Kat looks to me with what I can clearly see is a start. “Friends, like, how?”
“He commented on your photo,” I say. “He’s commented on lots of your photos.”
“We don’t, like, hang out,” she says. “We were friends—are friends, though, I guess.”
“I’m really surprised you’d”—I cut myself off to find the word. “After—” What after what? I hate that I can’t end the sentence. I can’t even middle the sentence.
“I totally know it’s, like, a best friend violation,” she says, and then we’re at the front of the line. Quinn steps up to the register and orders for everyone, as Kat and I continue to watch each other.
“So if you knew that—”
“We were friends, too,” Kat says. “I missed him. Also sometimes I need . . .” She nods to Quinn and drops her voice. “Girl advice.”
“You’re friends with literally everyone at school,” I say. “There’s no one else?”
“Um . . .” Quinn is somehow balancing all three Dole Whip floats in her hands. “Should we eat these in the Tiki Room? Or just sit out here?”
“You can’t not eat these in the Tiki Room,” Kat says. “I can only enjoy pineapple soft serve when I’m being serenaded by animatronic parrots.”
“I’ll wait out here,” I say, and I can see how Kat doesn’t even hesitate to walk in without me. Quinn dashes out a second later to give me my float, and then, with an apologetic look, heads back in. I guess that it’s apologetic. Who even knows what Kat’s said to her about me?
They’re out in fifteen minutes, and we wordlessly walk away together.
“I should find something for Ainsley,” Quinn says, and then glances at me. “My sister has a Little Mermaid obsession.”
I nod and we both watch as Quinn disappears into a gift shop.
“I just wanted to have fun today,” I say.
“Well, duh, me too.”
“You’re almost eighteen,” I say. “Maybe you should cut out the whole duh thing.”
Kat steps back as if I’ve slapped her.
“I’m trying to help,” I say.
“Help what?” She blinks her eyes a bunch, clearly drawing attention to her te
ars.
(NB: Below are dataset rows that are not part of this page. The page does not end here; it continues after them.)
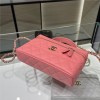 Chanel Pink Grained Leather 25C Bag Chanel Pink Grained Leather 25C Bag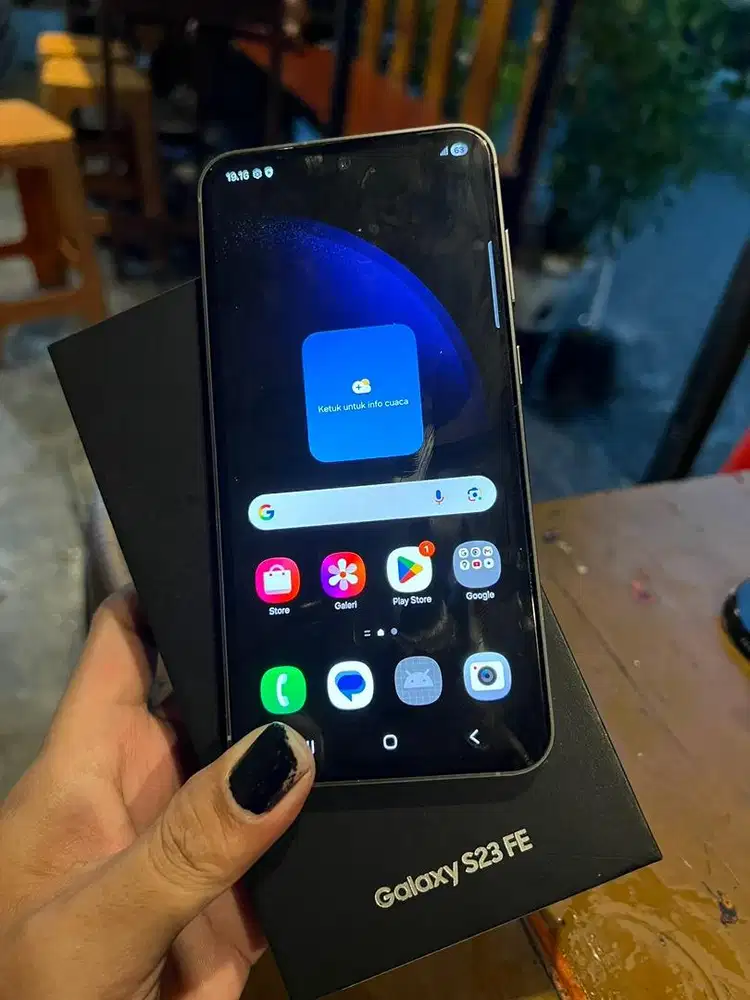 samsung s23 FE sein ram 8/256gb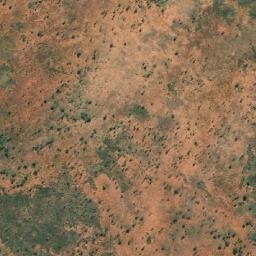 Satellite imagery of Mount Alexander, AU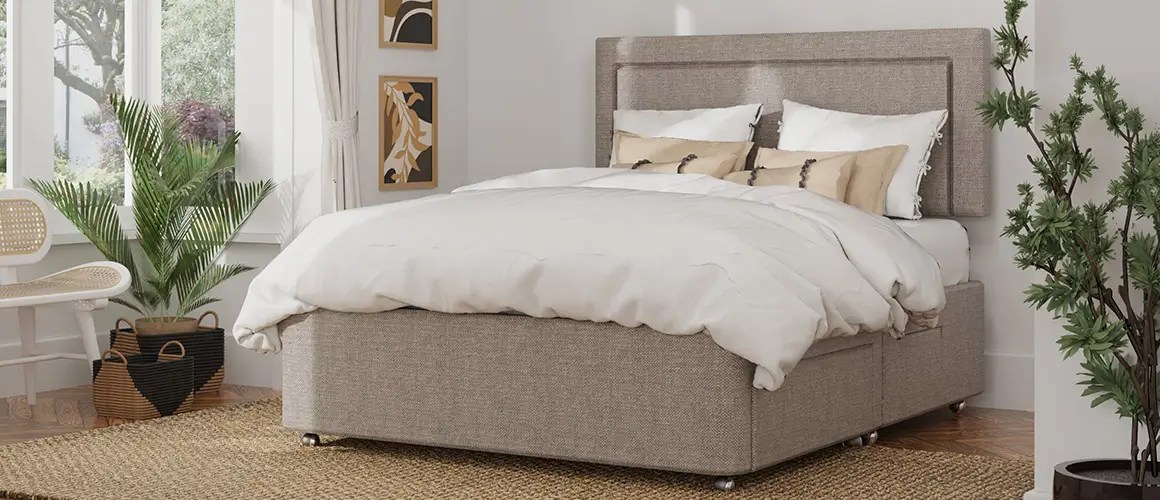 Divan Beds & Bases Free Next Day Delivery Mattress Online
I’m not going to let her force me into feeling sorry for her, when there’s nothing about today that doesn’t feel like a betrayal. “Maybe we should just go home.”
Suddenly the moment is like a wave that’s swept me out to sea before I could even see what was happening. I don’t want to be manipulated, but I didn’t want to give up on this so soon.
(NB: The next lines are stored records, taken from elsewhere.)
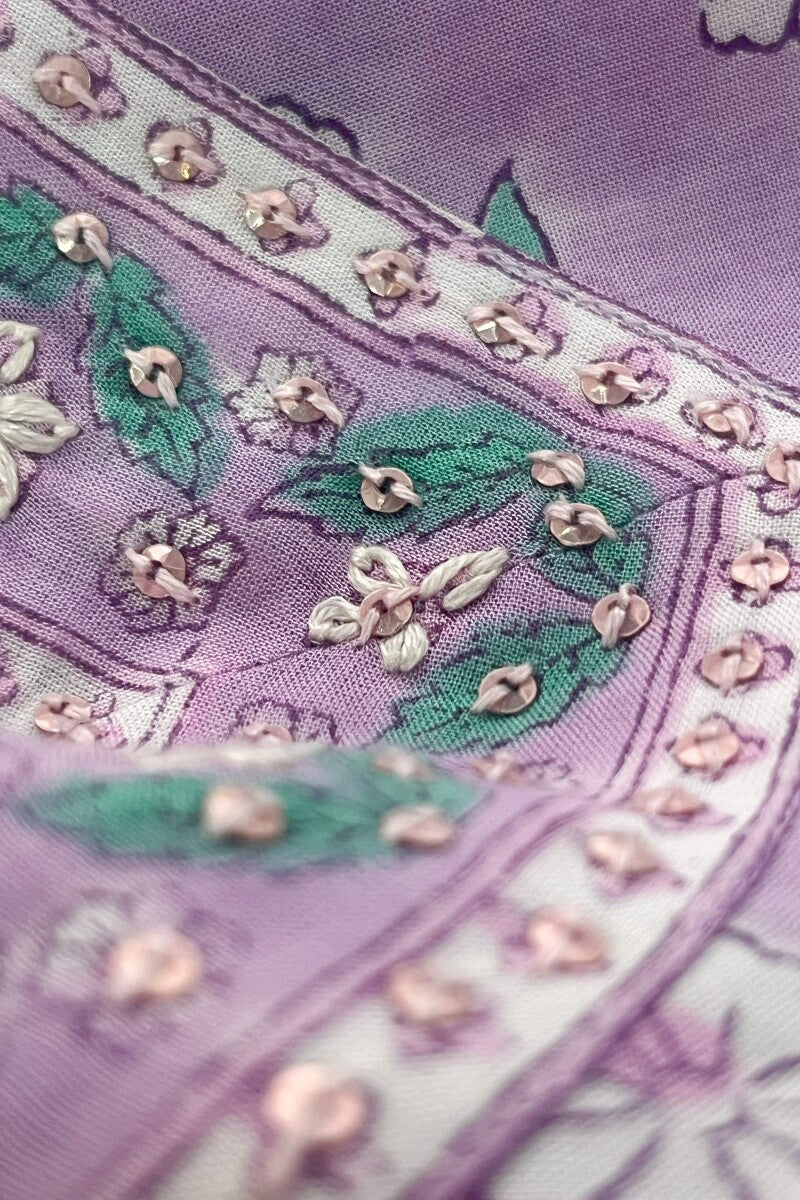 Rosheen Nazm Sanganeri Kurta
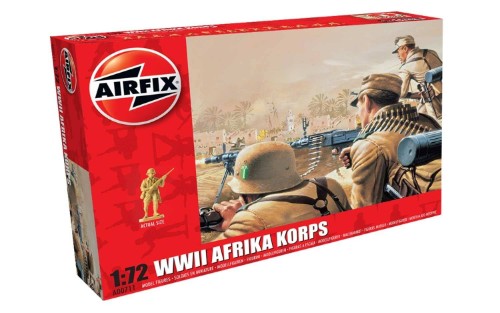 Airfix - WWii Afrika Korps 1:72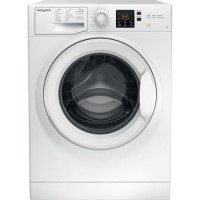 Refurbished Hotpoint NSWF743UW Freestanding 7KG 1400 Spin Washing Machine White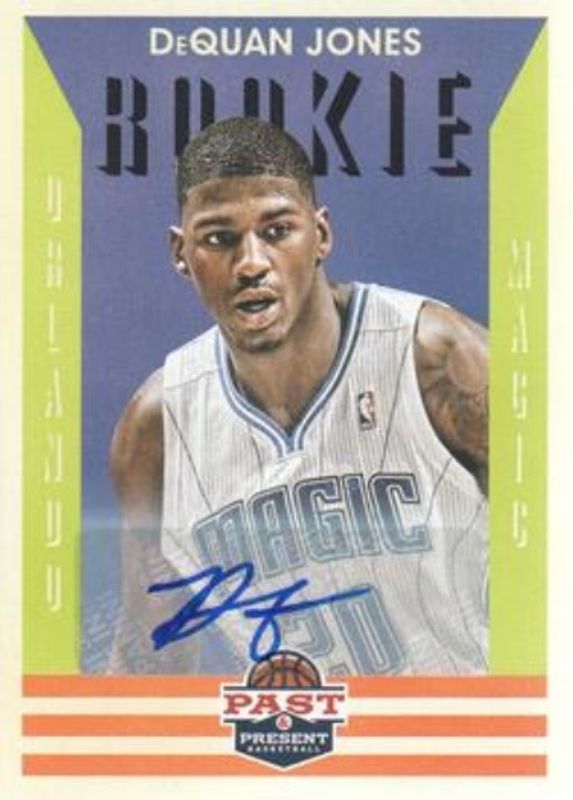 2012 Past & Present #186 Signatures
“Only if you want to,” I say.
“Of course I don’t want to! I wanted to have a super fun day, and I thought we were,” she says. “Yes, I’m, like, social media friends or whatever with Logan. I didn’t know if I had to tell you or not, but, like, the last thing I wanted to do was make you think more about your breakup, which you still haven’t even told me a single thing about, you know, so I didn’t.”
“I’m fine about my breakup,” I say. “What’s there to say? No one should realistically expect a high school relationship to last.”
Quinn emerges from the gift shop holding a bag. “Where to next?”
“I think we should probably go home,” Kat says.
“I didn’t—”
Kat cuts me off with a look. “My head hurts and we should probably try to beat rush hour traffic.”
Last year, we were here until the park closed. I remember that Logan drove home and that in the middle of a conversation on our way back north on the 5, Kat fell asleep against Matty’s shoulder. For some reason at that point, Logan had been wearing Kat’s mouse ears, and I kept a photo I took of him driving as my lockscreen for months.
The ride back up is quiet, besides the playlist Kat plays over my stereo. She’s staring straight ahead every time I sneak a glance over at her, and I wonder how she can be so clueless about today. Why would I want Quinn here if the whole point of today was to try to recapture something we still had last year? Of course, now that seems stupid. Last year’s already gone, and trying to hang on to it is like grasping a glass of water after it’s been poured into your hands.